Dear Editor:
Re: A look at the Revelstoke Community Forest Corporation’s tree farm license north of Revelstoke,
I write to take issue with the information given by Mike Copperthwaite on old growth forest in the Revelstoke Community Forest Corporation (RCFC) tree farm license. I also want to raise awareness of the plight of the globally unique Inland Temperate Rainforest in which we live.
I challenge the definition of old growth used by the province and licensees such as RCFC in calculating their numbers.
A recent study, B.C.’s Old Growth Forest: A Last Stand for Biodiversity, by independent scientists Rachel Holt, Dave Daust and Karen Price, found that the B.C. government’s numbers are misleading: 23 per cent of forest in the province is old growth, or about 13 million hectares.
In fact, most of the area the province considers old growth can’t support big trees. Instead a majority of what is counted is low-productivity forest, such as small trees at high elevations, according to the study. Because government doesn’t differentiate between productive and non-productive old growth forests, companies can harvest big trees and leave small, unproductive trees and still meet their old growth retention targets.
READ MORE: Big old trees almost gone forever in B.C., scientists warn
The study found that approximately 415,000 hectares of B.C.’s forest contain very large trees, or about three per cent. In the Inland Temperate Rainforest around Revelstoke, it is the low elevation Interior Cedar Hemlock (ICH) ecosystem which can produce large trees.
This is also the most valuable timber and is critical habitat for mountain caribou. See the table below, prepared by Gregory Kehm for an application under the Species at Risk Act, for the logging by the local timber companies in caribou critical habitat, which is also old growth, and in Old Growth Management Areas (OGMAs) which is mostly caribou critical habitat.

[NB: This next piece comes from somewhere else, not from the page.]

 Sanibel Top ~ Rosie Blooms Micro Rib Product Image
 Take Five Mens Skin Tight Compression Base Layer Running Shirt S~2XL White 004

Licensee Forest Development Plans – Unharvested blocks within Critical Caribou Habitat and Non-legal Old Growth Management Areas. Prepared by Gregory Kehm Associates March 28, 2018. Appendix K of a Section 80 request un der the Species At Risk Act to stop logging in federally identified critical habitat of the Southern Mountain Caribou. |
RCFC has just had a new Forest Development Plan approved for the same timber volume for the next five years and it will be approximately the same 75 per cent in caribou critical habitat and OGMAs, according to the findings included in the Section 80 application – because that is the make-up of their tenure. It shows that caribou protection and OGMAs are not real protection. OGMAs can be traded, moved around and otherwise violated as they are not legalized. For example, the caribou critical habitat protection of the 2007 Mountain Caribou Recovery Plan was traded for OGMAs. (Section 80 application under Species at Risk Act, April 18, 2018)

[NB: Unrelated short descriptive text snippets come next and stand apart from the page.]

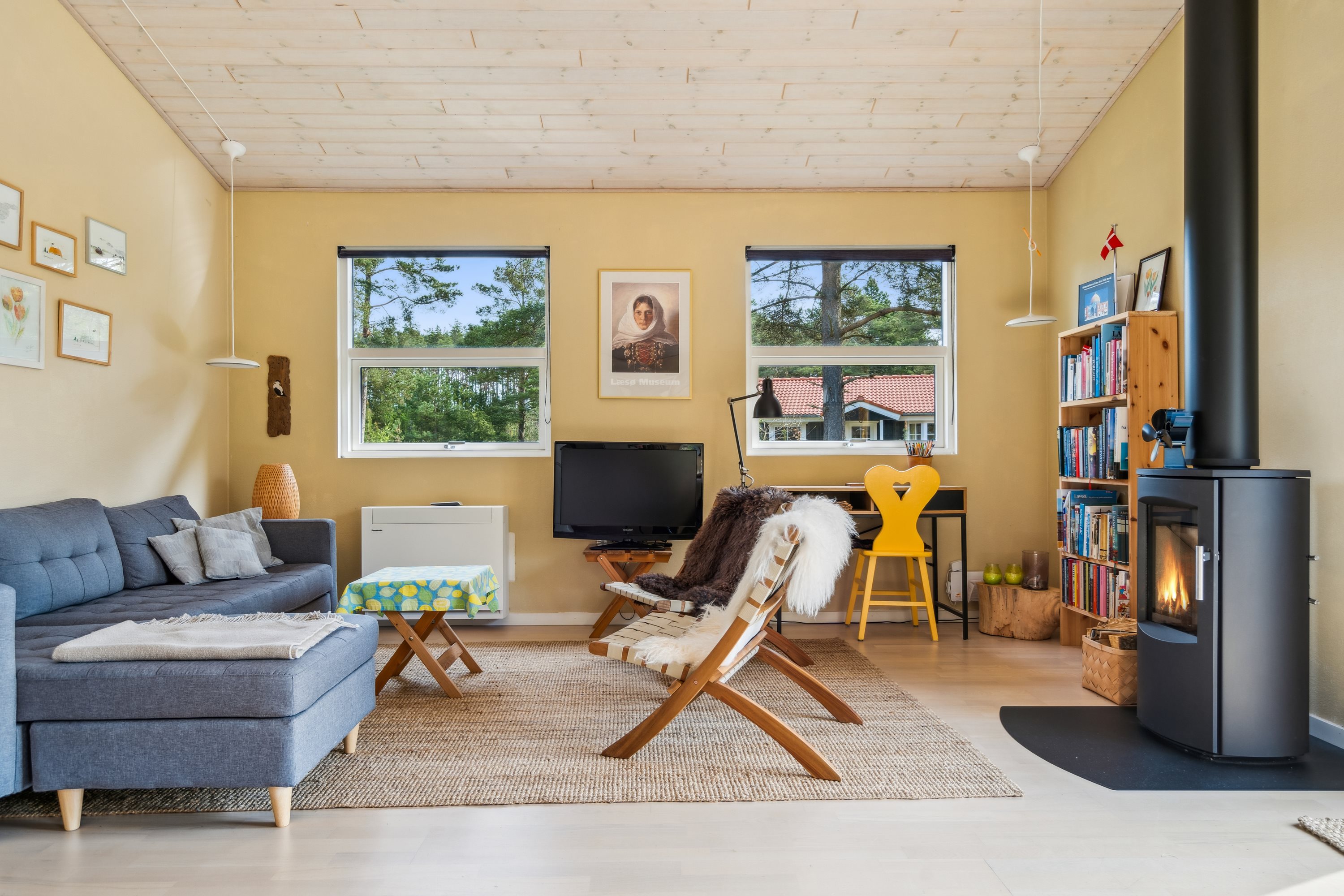 Fremhævet stue billede i fuldskærmstilstand. Billede af Irisvej 4, Østerby, 9940 Læsø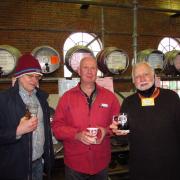 Chappel winter beer fest CAMRA volunteers Paul Murrell, Graham Pettit and Robin Cooper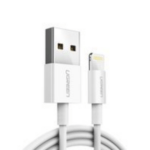 Juhe Ugreen US155 USB to Lightning 2.4A 2M (valge)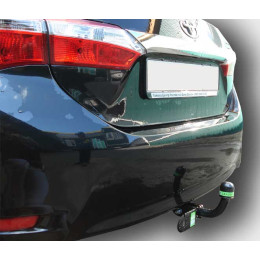 T117-A Лидер-плюс ТСУ для Toyota Corolla седан E150 2007-2013, E170 (кроме арабской версии) 2013-2019 без снятия и выреза бампера. Нагрузки: 1500/75 кг, масса фаркопа 15,3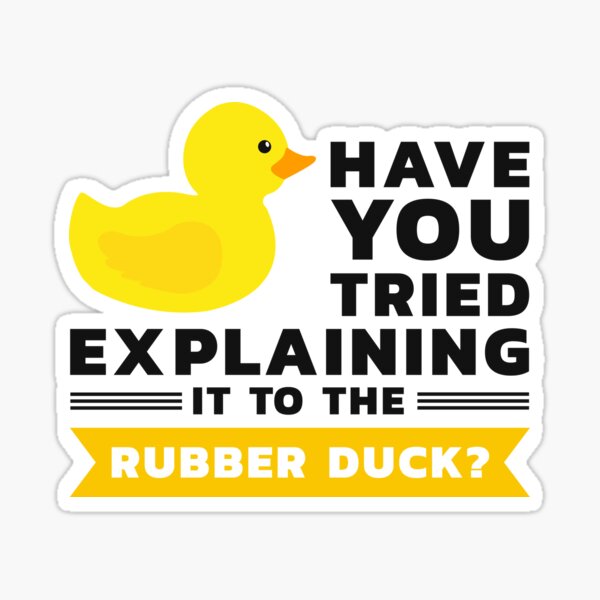 Ducky Stickers | Redbubble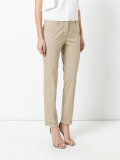 turned hem chino trousers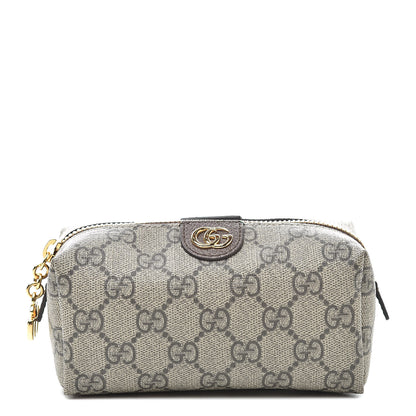 Gucci Soft GG Supreme Monogram Calfskin Small Ophidia Cosmetic Case Beige Ebony New Acero 1 of 7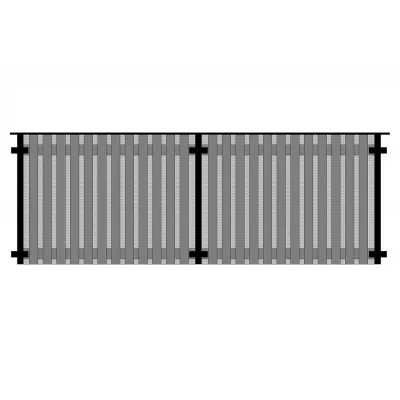 Деревянный забор Scandic «Шахматы», длина секции 2,0 м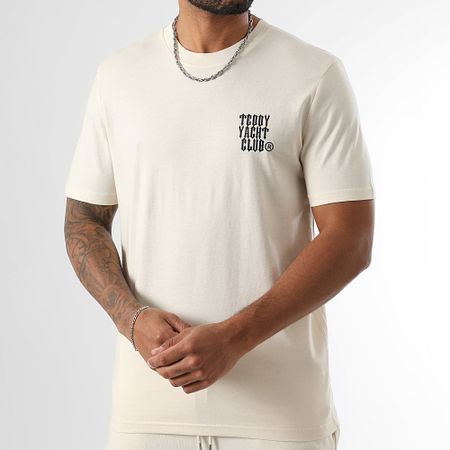 Teddy Yacht Club - Conjunto de camiseta y pantalón corto Street Roll rosa beige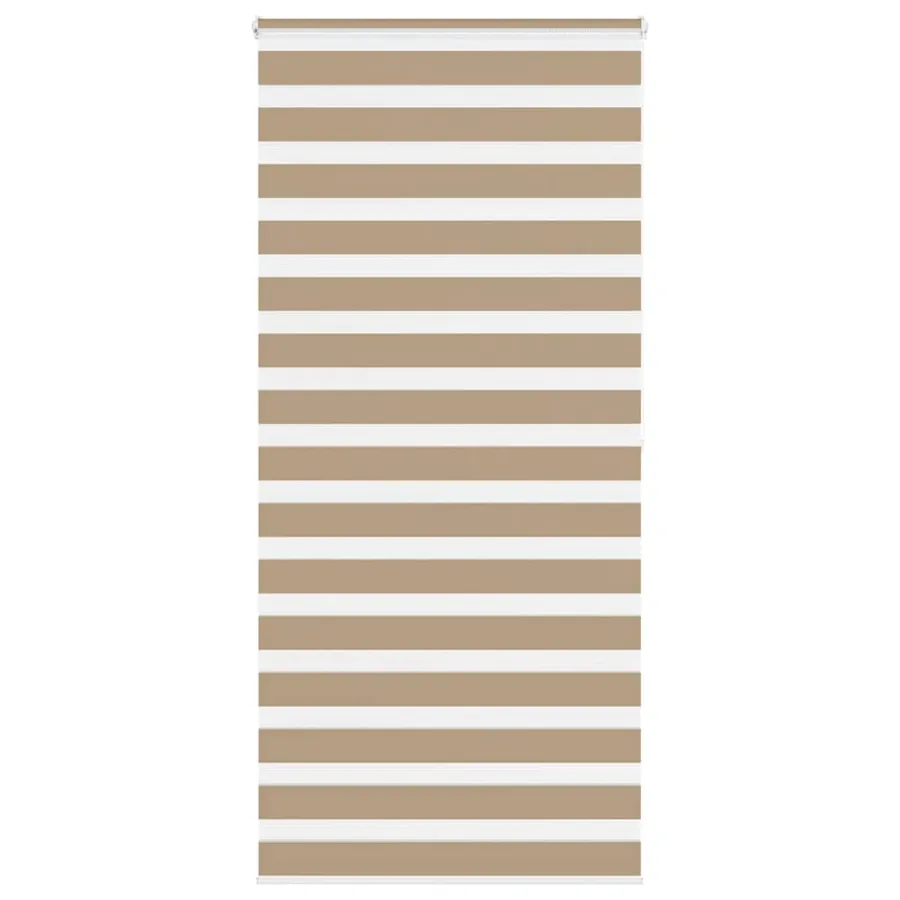 Store zèbre marron sable largeur du tissu 95,9 cm polyester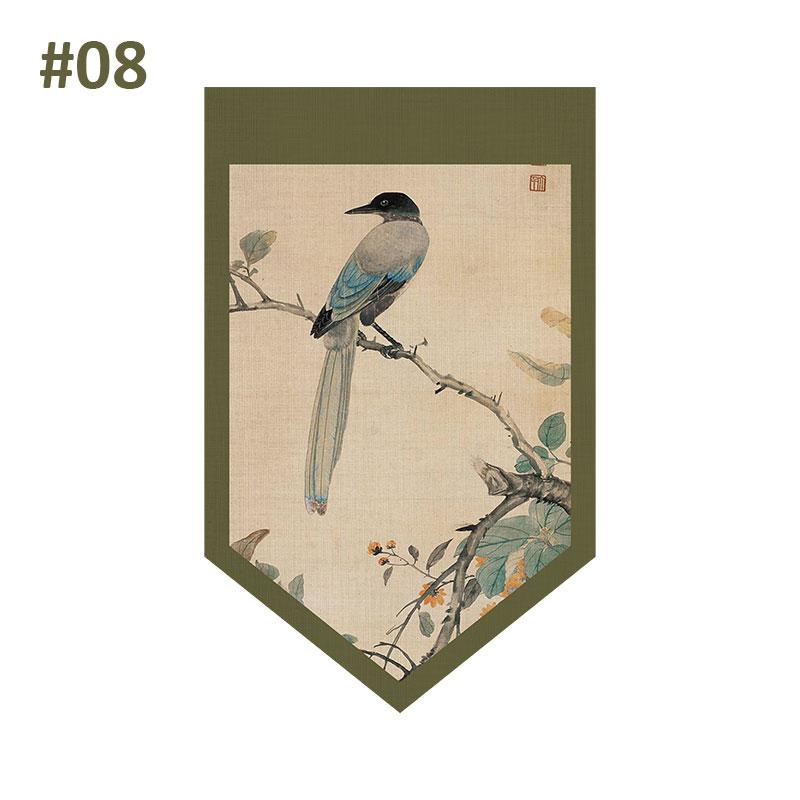 New Chinese Door Curtain Hanging Flag Teahouse Living Room Decoration Shade Curtain Partition Kitchen Door Short Half Curtain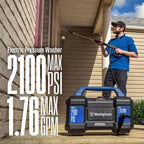 westinghouse epx3100v electric pressure washer, 2100 max psi showing dimensions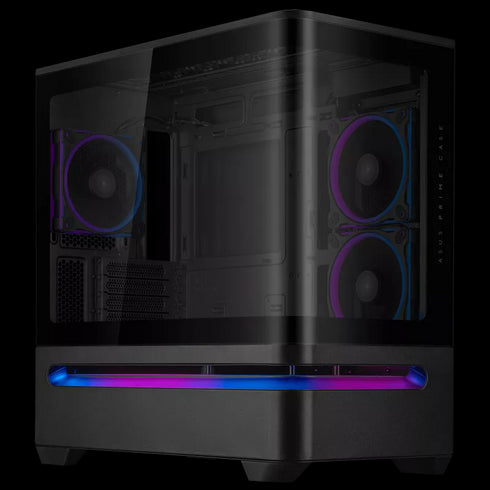 ASUS Prime AP202 ARGB Mid Tower Case Black (Fans Included) - Anigma
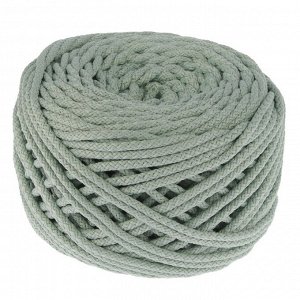 Шнур для вязания с сердечником 100% полиэфир, ширина 5 мм 100м/550гр (21 серо-зеленый)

The Inland Temperate Rainforest is at risk of imminent collapse if logging continues at current levels. That is the conclusion of a study, by Darwyn Coxson and nine other scientists, published by peer reviewed journal Land on July 23, 2021.

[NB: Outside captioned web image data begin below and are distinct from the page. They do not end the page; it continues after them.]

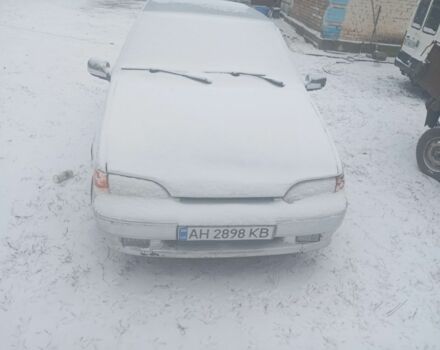 Серый ВАЗ 2114 Самара, объемом двигателя 1.6 л и пробегом 65 тыс. км за 1400 $, фото 1 на Automoto.ua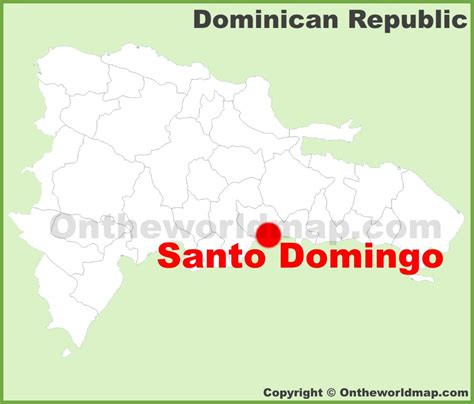 Santo Domingo location on the Dominican Republic map - Ontheworldmap.com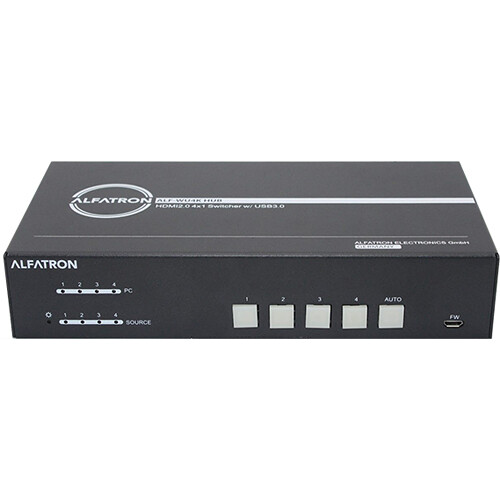 Alfatron 4x1 4K HDMI KVM Switcher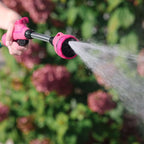 65103-AMZ Sprout 8-Pattern 15" Watering Wand and QuickConnect Product Adapter Amazon Bundle, Raspberry Red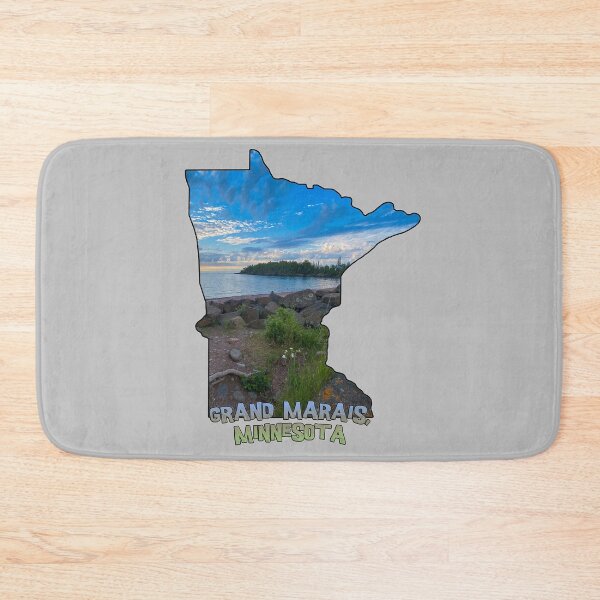 Item preview, Minnesota State Outline - Grand Marais designed and sold by gorff.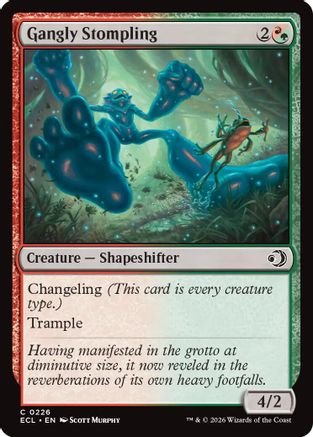 Gangly Stompling (ECL-226) [Lorwyn Eclipsed] MTG Single Lorwyn Eclipsed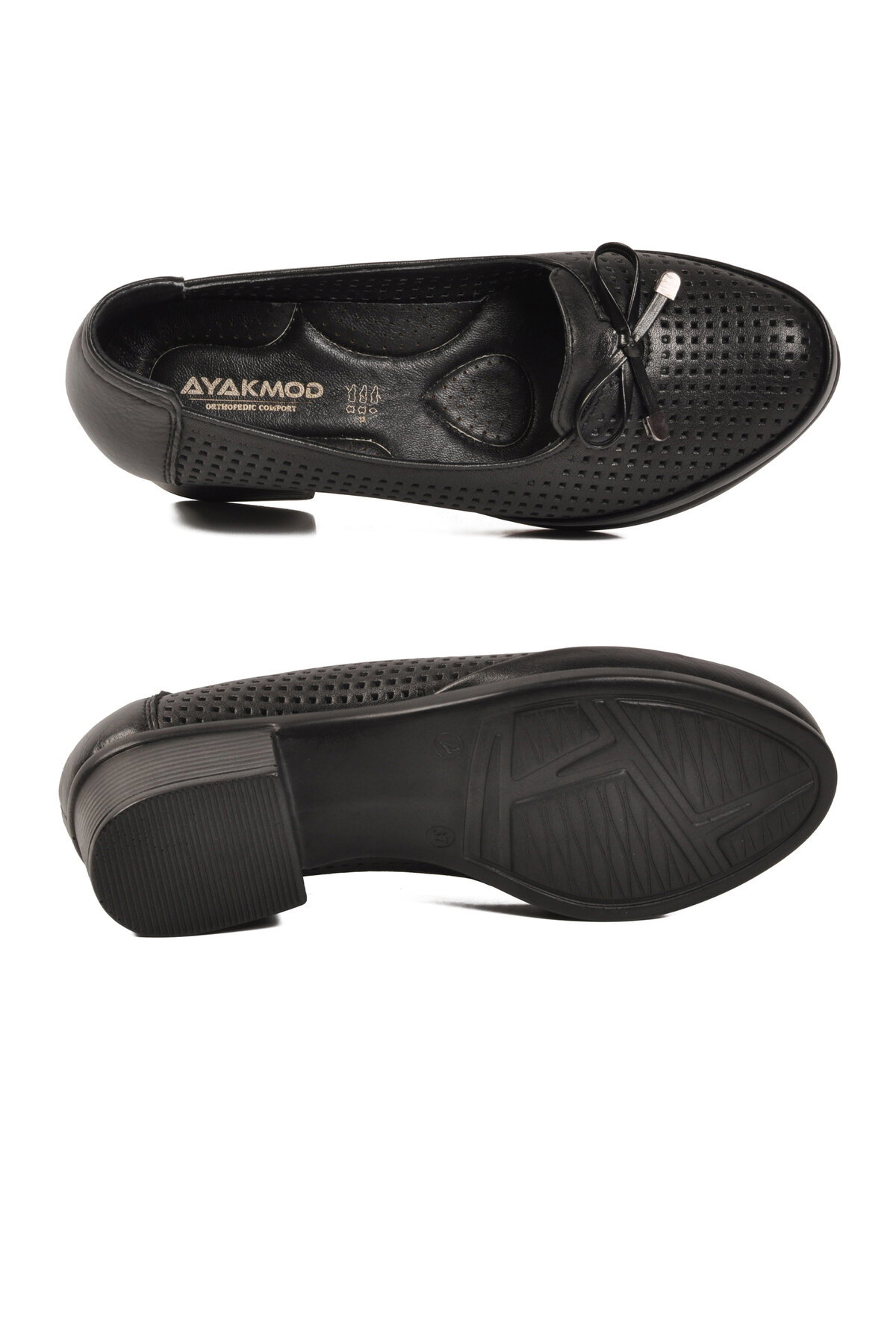 A Spor Bej A Spor Hakiki Deri Kadın Topuklu Ayakkabı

This study also finds that our Inland Temperate Rainforest is home to trees more than 1,000 years old and to endangered species such as the mountain caribou. Both are globally unique. This rainforest provides ecosystem services such as clean air, clean water, climate moderation and carbon sequestering, as well as lowering the wildfire risk.
There are fantastic opportunities for recreation and tourism. The old growth rainforest also tends to our psychological needs. If anyone doubts the crisis which exists in this beautiful treasure we live in, go to Old Growth Revylution on Facebook or Instagram to see a three minute aerial tour of the forest near Revelstoke. It looks like a patchwork quilt.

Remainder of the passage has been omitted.